17 October 2025

The intriguing stories that
can emerge from research
into Irish Jewish genealogy
and family history

Stuart Rosenblatt is the leading expert on Irish Jewish genealogy and has been described as ‘a beacon of light for future generations’

Patrick Comerford

Two statistics have been drawn to my attention in recent days that I find intriguing.

An analysis of DNA findings suggests that nearly half of the population of Ireland may carry Jewish ancestry, according to Stuart Rosenblatt, the leading expert on Irish Jewish genealogy.

In a 20-page study published in the IOSR Journal of Humanities and Social Science (Vol 26, Issue 6, Series 10, June 2021), Elizabeth C Hirschman Hill, Richmond Gott Professor of Business Department of Business and Economics, University of Virginia-Wise, says DNA evidence suggests many Lowland Scots and Northern Irish people have Jewish ancestry.

She says she has used the newest genealogical DNA methodology of phylogenetic trees to identify a large population of Jewish descent in the Scottish Lowlands and Northern Ireland. She proposes that the majority of these ‘Lowland Scots and Northern Ireland colonists’ were likely crypto-Jews who had arrived in Scotland in three phases: with the arrival of William the Conqueror in 1066; after the expulsion of Jews from England in 1290; and after the expulsion of Jews from the Iberian Peninsula in the 1490s.

She believes evidence is found that both the Ashkenazic and Sephardic branches of Judaism are present among these Lowland Scot and Northern Ireland residents. I was interested that the family names she included in her study are Hunter in Ireland and Kirkpatrick in Ireland and Scotland.

I am not convinced of her methodology, deductions or arguments, and she seems to be unsure about the understanding of lineage of Levites and cohanim in Jewish communities. Nevertheless, it is a curious hypothesis.

The leading expert on Irish Jewish genealogy, undoubtedly, is Stuart Rosenblatt. He also says DNA findings now suggest that nearly half of Ireland’s population may carry Jewish ancestry.

On a mailing list I am part of, Stuart was described earlier this week as ‘a beacon of light for future generations’ whose ‘quiet determination preserves the memory of a people.’

Stuart Rosenblatt is the founder of the Irish Jewish Genealogical Society, and he was the newly-elected president of the Irish Genealogical Society when I was invited to give a lecture in Dún Laoghaire on ‘The Comerfords in Ireland: Disentangling Myths and Legends to Find True Origins’ over ten years ago (10 February 2015).

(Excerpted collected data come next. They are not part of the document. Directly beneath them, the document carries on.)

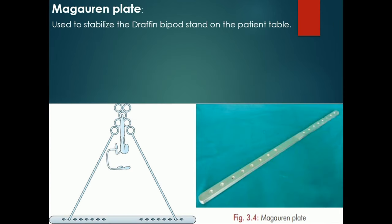The Magiurin plate is used to stabilize the Draffin bipore stand on a patient table. It is also used in oropharyngeal surgeries like adenotonsillectomy along with the Draffin bipore and Bowles Davis mouth gag with tongue blade.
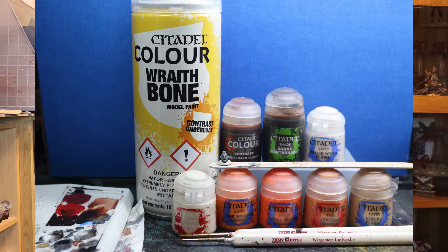For this video we will be using Wraithbone spray, or Wraithbone paint if you're not allowed to spray in the house. Gilliman Flesh Contrast, Jaccaro Orange, Troll Slayer Orange, Agrax Earthshade, Fire Dragon Bright, Kislev Flesh, and Pallid Witch Flesh. They're all Citadel colour paints. We'll be using good old brushes, your palette, and don't forget a head — in this case I've got a Space Wolf head.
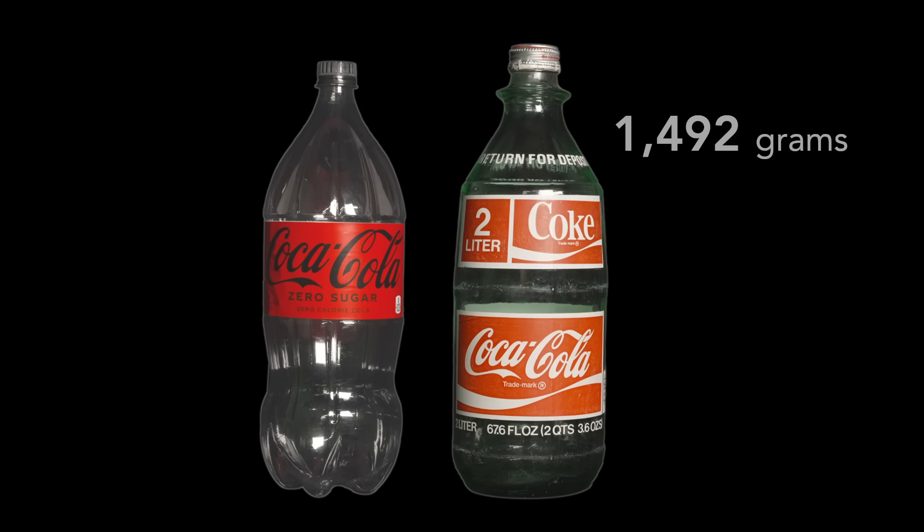Stretching the plastic is central to the masterful engineering of the plastic soda bottle. The stretching imparts to the bottle its strength. And that's surprising because the bottle feels flimsy, especially if we compare it to its predecessor, the mighty glass bottle from the early 1970s.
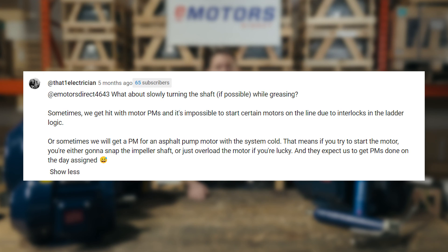But one commenter asked: what about when you don't have the ability to run the motor, like when you're doing preventative maintenance during a shutdown? This is a great real-world example. If you don't have the option to run the motor, what are your options?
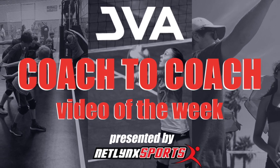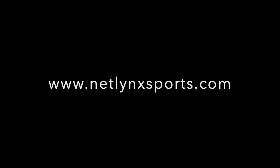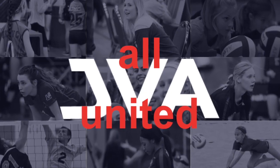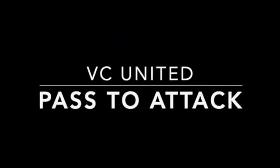Welcome to this week's JBA Coach-to-Coach Video of the Week, brought to you by Netlink Sports, the preferred court provider of the JBA. Hi, this is Eric Schultz with the BC United, and this is our Pass-to-Attack Combination Drill.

Stuart was a genial host, and we had wonderful conversations about Comerford genealogy and Jewish genealogy and shared our thoughts on genealogical methodology that evening as he brought me to and from Dún Laoghaire Further Education Institute. We have both collaborated on research for programmes in the popular genealogical television series, Who Do You Think You Are?.

It has been said among genealogists and within the Jewish community in Ireland that never before in genealogical research has anyone attempted what Stuart has achieved – recording the full story of an ethnic Jewish minority across an entire nation, spanning all 32 counties in his Irish Jewish Roots project.

Over more than three decades, he has meticulously compiled an archive of 75,771 names, each entry containing up to 110 pieces of information. His work now fills 22 bound volumes, with copies in the National Library of Israel in Jerusalem, the National Library, the National Archives Dublin, the Irish Jewish Museum and the Genealogical Society of Ireland.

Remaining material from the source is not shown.